[Crawled caption data]
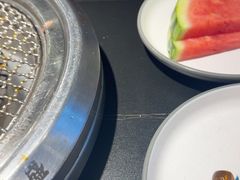 -東盛炭烤自助料理(浦东文峰广场店)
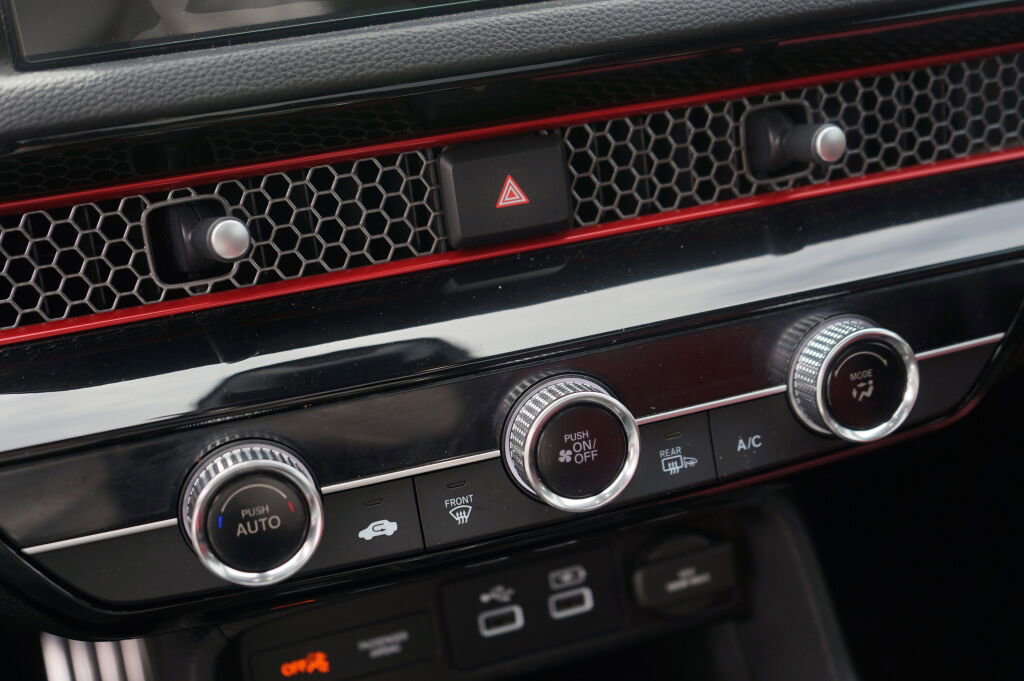 Used 2022 Honda Civic Si image 21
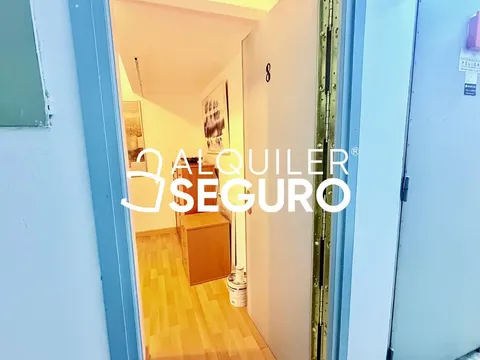 Pis de 60 m² a Madrid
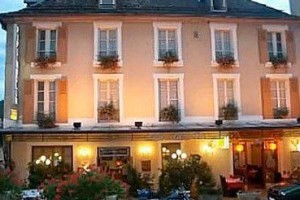 Fifi Moulin Hotel Serres (France) Image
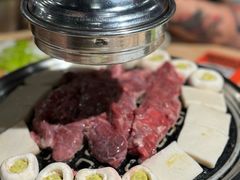 -霸腹烤肉(厦门柚子番店)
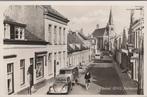 BERKEL (Z. H.) - Kerkstraat, Verzamelen, Ansichtkaarten | Nederland, Verzenden, Gelopen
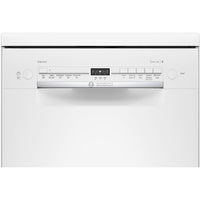 Thumbnail Bosch SPS2IKW04G Slimline Dishwasher White 9 Place Settings | Atlantic Electrics- 39477779038431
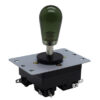 Crown 309MJ-DX Clear Smoke Crown 309MJ-DX Clear Smoke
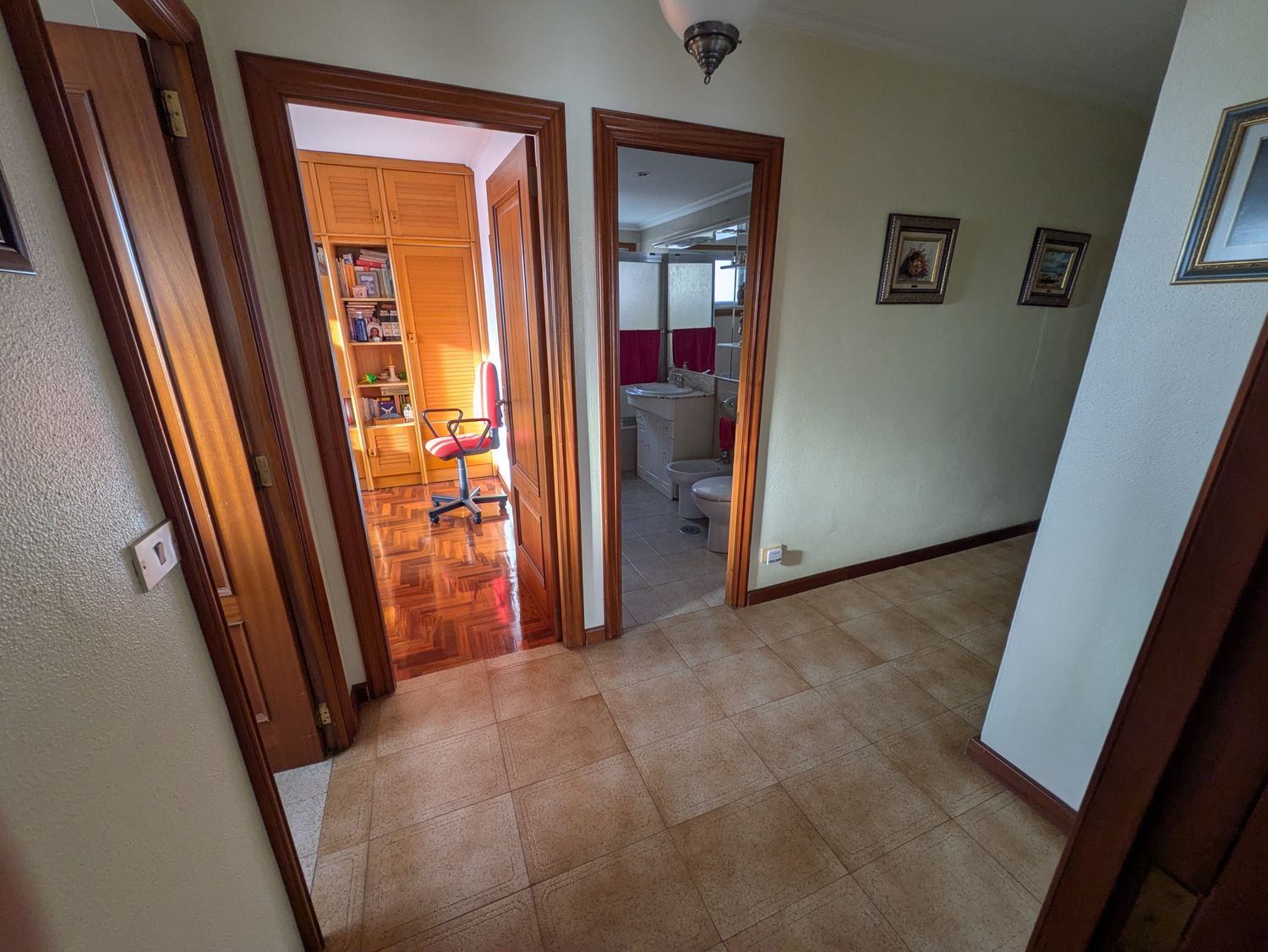 Piso en Barrio As Travesas - Balaídos - Foto 15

**Your goal**
The records above need to be copied exactly, with the pictures left out.

**Written answer**
 -東盛炭烤自助料理(浦东文峰广场店)
 Used 2022 Honda Civic Si image 21
 Pis de 60 m² a Madrid
 Fifi Moulin Hotel Serres (France) Image
 -霸腹烤肉(厦门柚子番店)
 BERKEL (Z. H.) - Kerkstraat, Verzamelen, Ansichtkaarten | Nederland, Verzenden, Gelopen
 Thumbnail Bosch SPS2IKW04G Slimline Dishwasher White 9 Place Settings | Atlantic Electrics- 39477779038431
 Crown 309MJ-DX Clear Smoke Crown 309MJ-DX Clear Smoke
 Piso en Barrio As Travesas - Balaídos - Foto 15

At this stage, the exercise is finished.